What to do
What you return should be the complete listing, unchanged, with no pictures in it.

───── Source material ─────

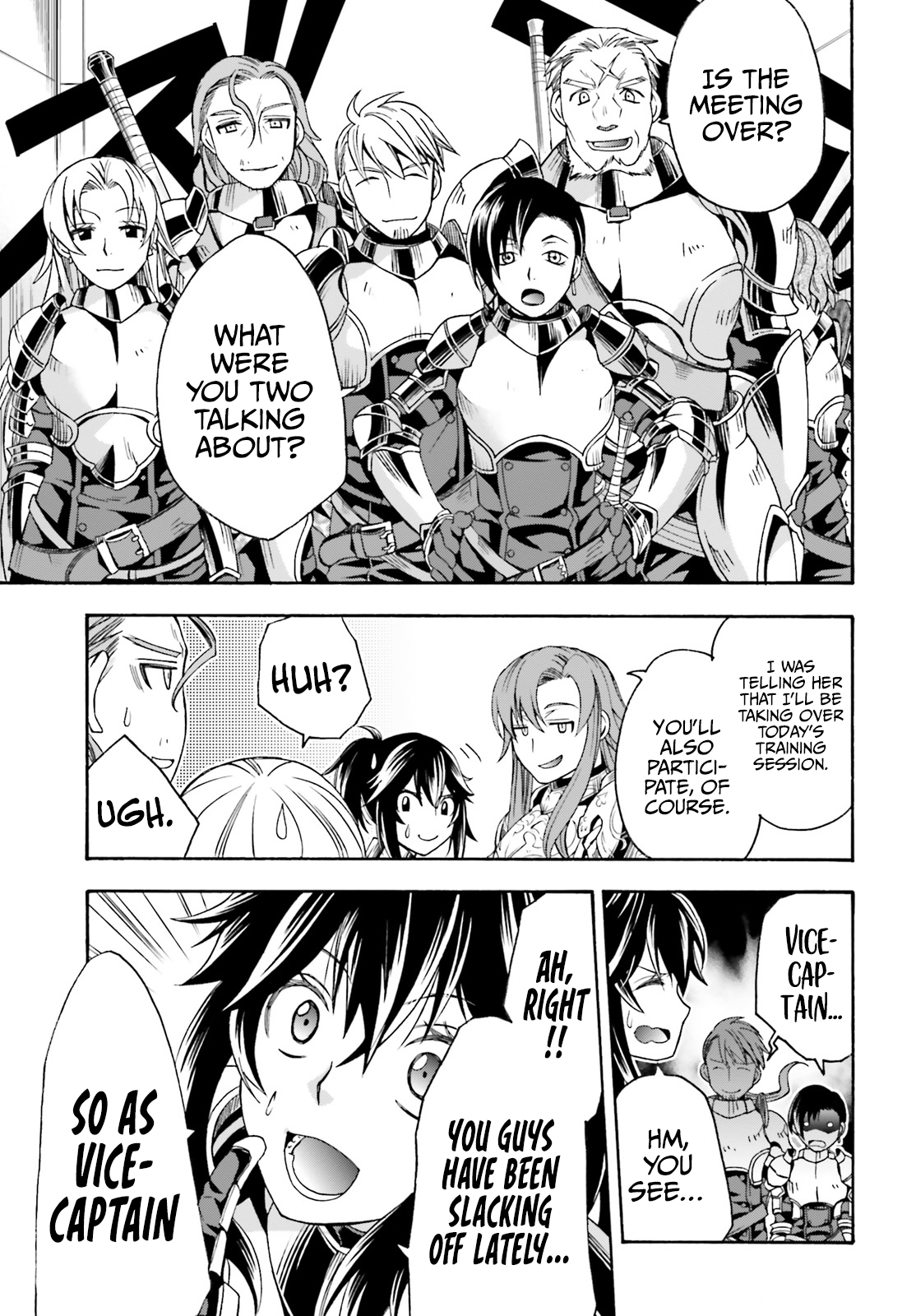Read The Wrong Way to Use Healing Magic EN Manga Online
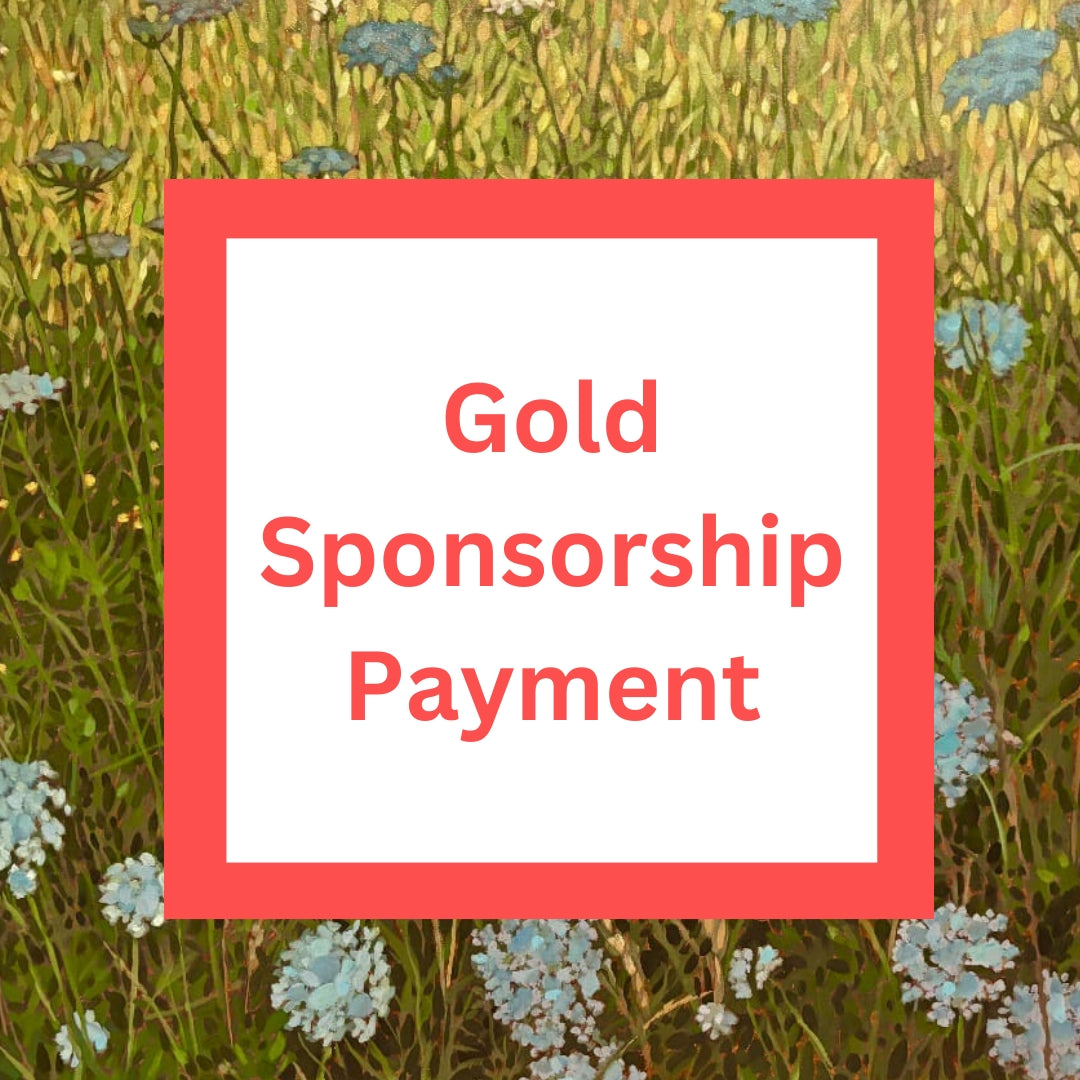 Gold Sponsorship Payment - $500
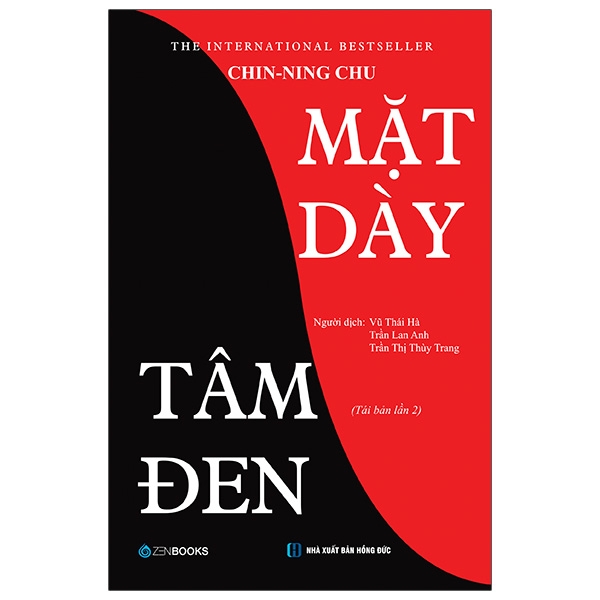 Mặt Dày Tâm Đen - Chin Ning Chu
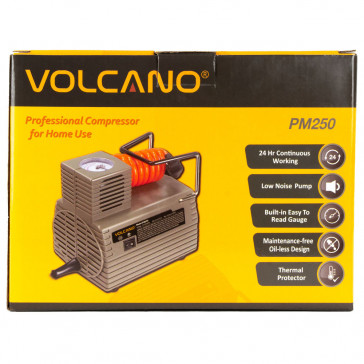 Компрессор электрический Torres Volcano new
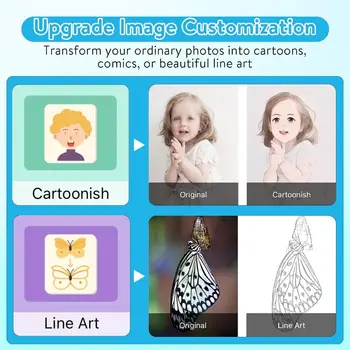 6 nejlepší prodej Chytrá kapesní mini tiskárna - №1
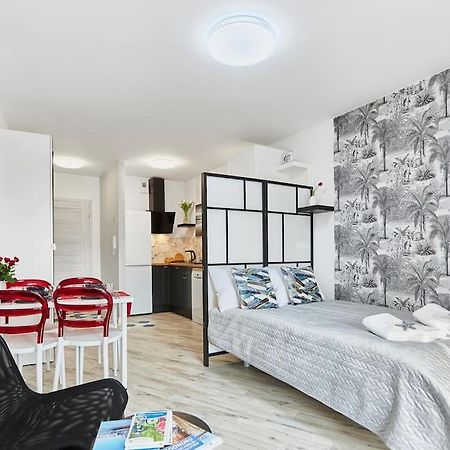 Golden Hour Apartments- Plac Slowianski 36 Swinoujscie Dış mekan fotoğraf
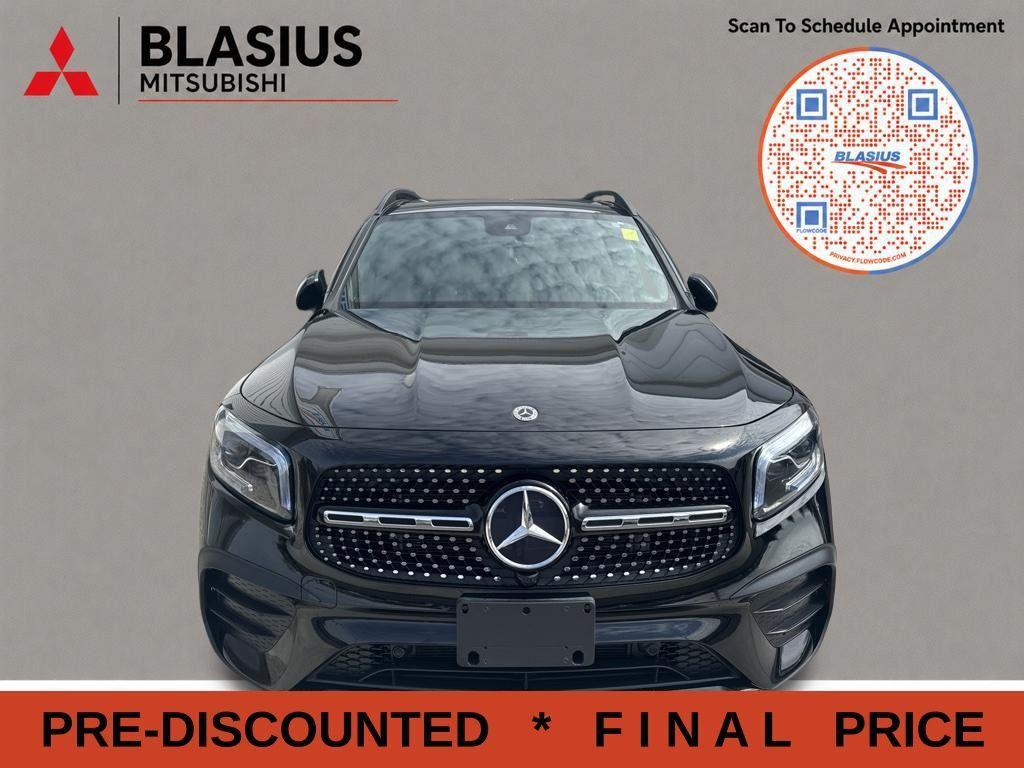 used 2021 Mercedes-Benz GLB 250 car, priced at $25,986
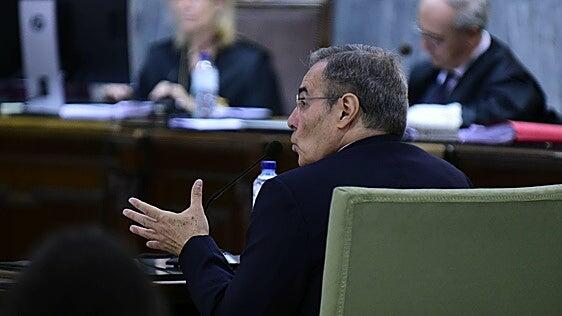 Héctor de Armas, condenado por apropiación indebida en Seguridad Integral Canaria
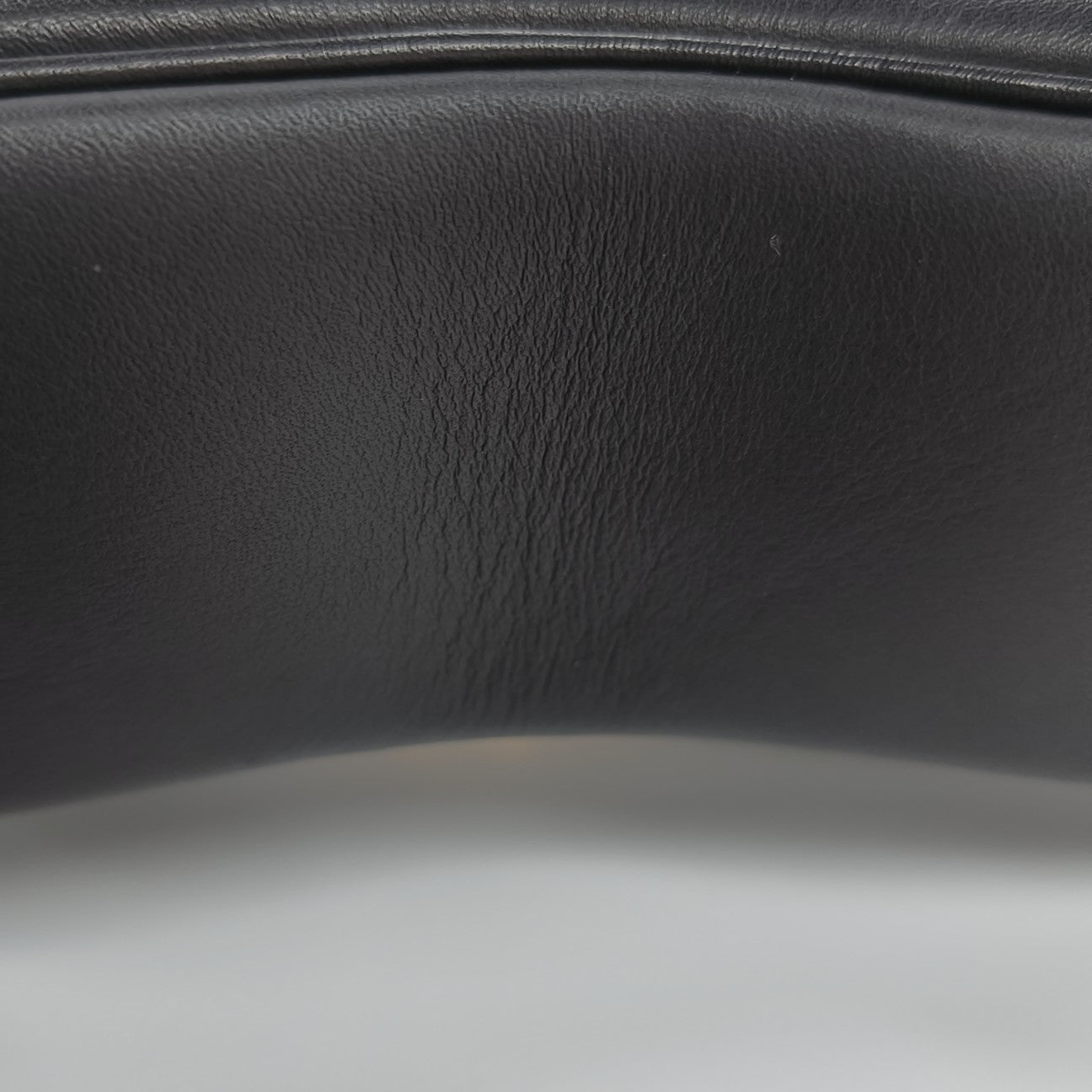 NEW WAVE MM Quilted Calfskin Black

─────

Exercise solution
Read The Wrong Way to Use Healing Magic EN Manga Online
 Gold Sponsorship Payment - $500
 Mặt Dày Tâm Đen - Chin Ning Chu
 Компрессор электрический Torres Volcano new
 6 nejlepší prodej Chytrá kapesní mini tiskárna - №1
 Golden Hour Apartments- Plac Slowianski 36 Swinoujscie Dış mekan fotoğraf
 used 2021 Mercedes-Benz GLB 250 car, priced at $25,986
 Héctor de Armas, condenado por apropiación indebida en Seguridad Integral Canaria
 NEW WAVE MM Quilted Calfskin Black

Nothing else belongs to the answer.